Quote:
Originally Posted by kovidgoyal
Simply remove the remove_tags, keep_only_tags etc fields from the recipe.
|
Thanks; I should've mentioned that I've tried that. I should've also mentioned I'm on 0.7.50.
Quote:
Originally Posted by kovidgoyal
And if you want to look at downloaded html, implement the preprocess_html method in the recipe and save the soup yourself to a temp files.
|
Thanks; preprocess_html does not seem to get called in this case, but I was able to put it in the parse_index function. (Well, it is now for the articles returned from parse_index.)
pprinting 'ans' that is returned from parse_index, it seems that it hasn't found any sections or content: [('Front Page', [])]

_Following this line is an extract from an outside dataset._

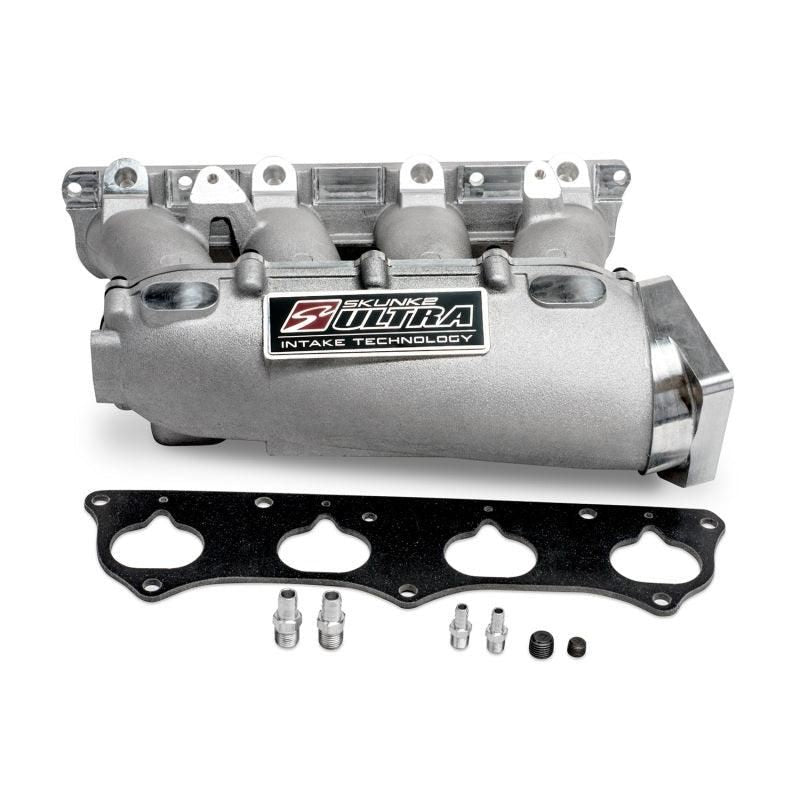 Skunk2 Racing 307-05-0600 - SKK307-05-0600 - Skunk2 Ultra Series Street K20A/A2/A3 K24 Engines Intake Manifold - Shipped in Europe - Tuningsupply.com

Ok, now that I'm actually digging into it and not just trying ad hoc debugging, I'm seeing that there are a number of problems. First, the article URL in the actual content is relative, so re.compile('^
http://lwn.net/Articles/') should be re.compile('^(
http://lwn.net)?/Articles/'). But then at the end of the loop it's setting content='' in the article dict, so 'http://lwn.net' has to be prepended to url. But that means that rather than just using the article text that's inline, we're re-downloading each article individually. Yuck.
I'll submit an updated recipe when I have something satisfactory.